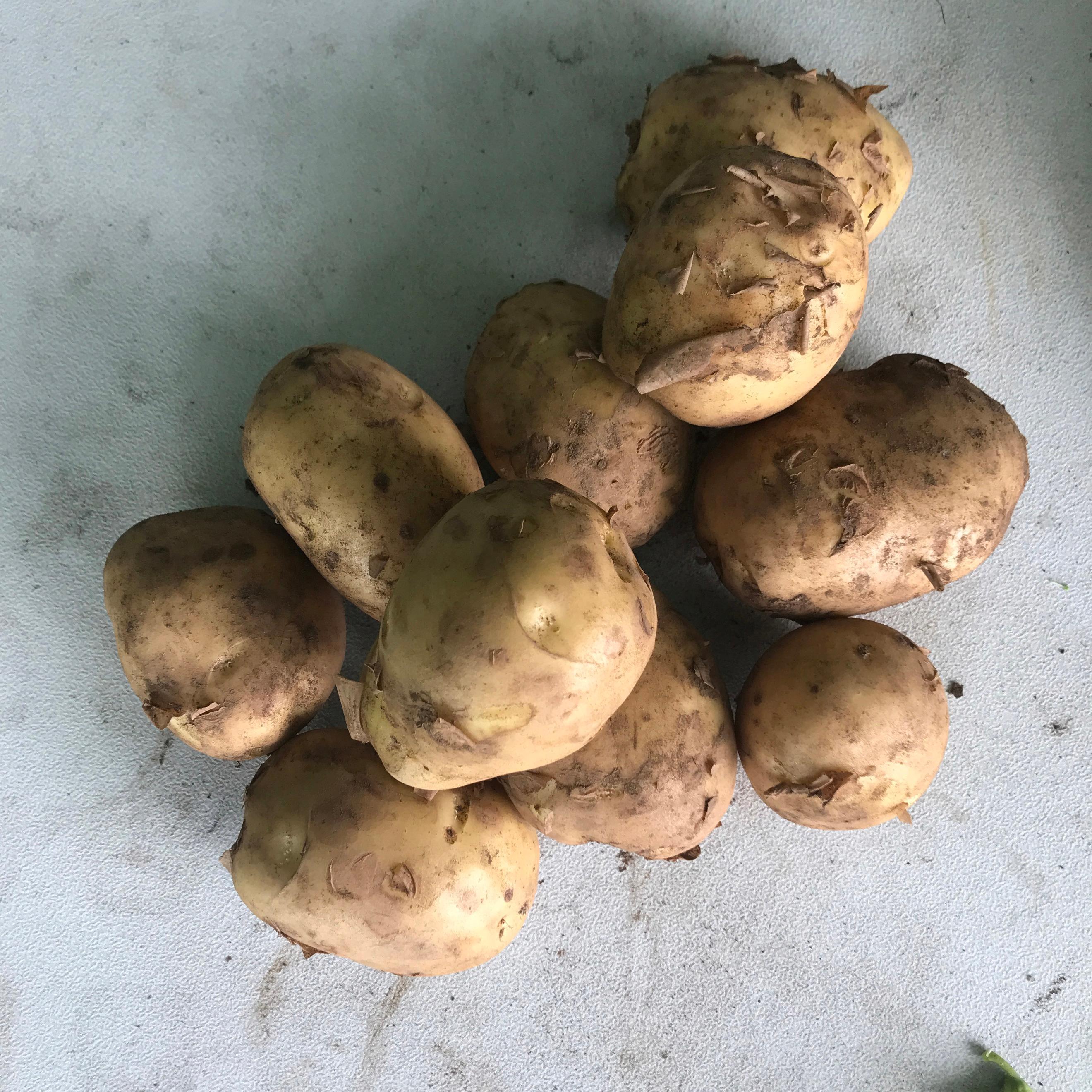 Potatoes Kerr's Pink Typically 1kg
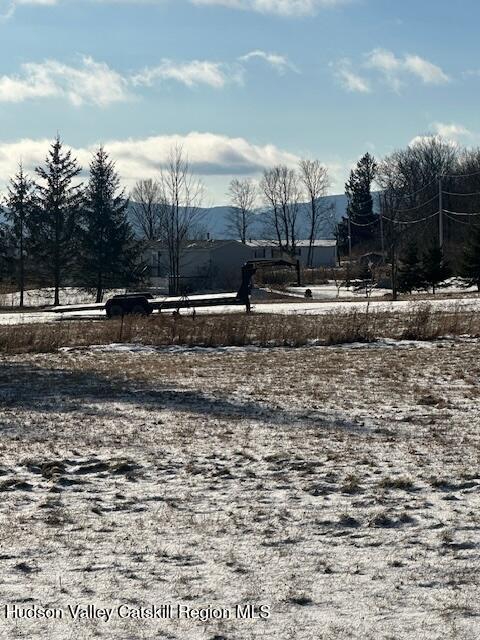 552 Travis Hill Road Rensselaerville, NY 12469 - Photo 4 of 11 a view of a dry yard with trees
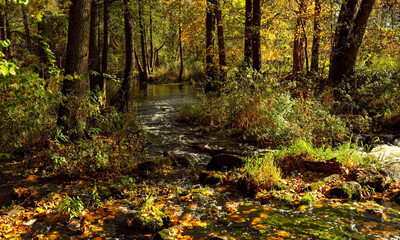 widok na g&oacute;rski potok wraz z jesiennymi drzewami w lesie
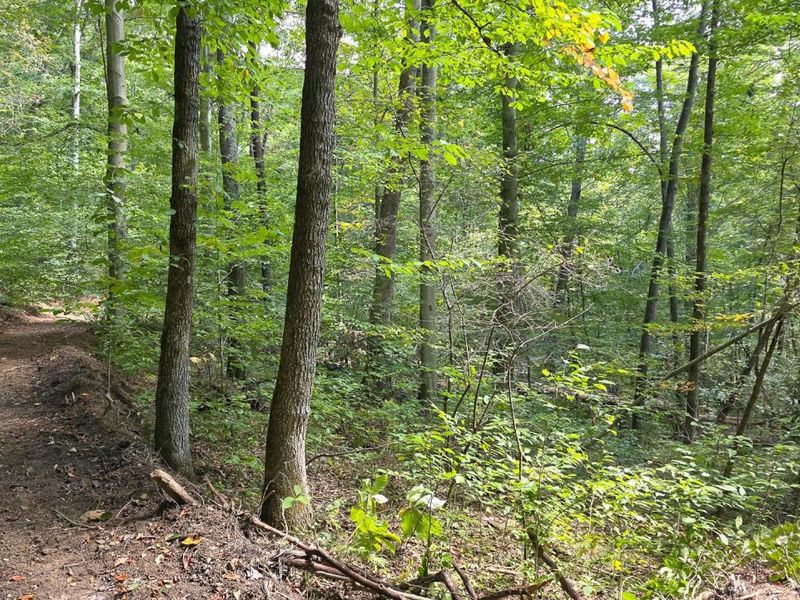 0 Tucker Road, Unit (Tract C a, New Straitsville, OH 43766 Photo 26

::::::::

Task prompt –
From the first line to the last, copy the listing above exactly and leave out the images.

Response –
 Potatoes Kerr's Pink Typically 1kg
 552 Travis Hill Road Rensselaerville, NY 12469 - Photo 4 of 11 a view of a dry yard with trees
 widok na g&oacute;rski potok wraz z jesiennymi drzewami w lesie
 0 Tucker Road, Unit (Tract C a, New Straitsville, OH 43766 Photo 26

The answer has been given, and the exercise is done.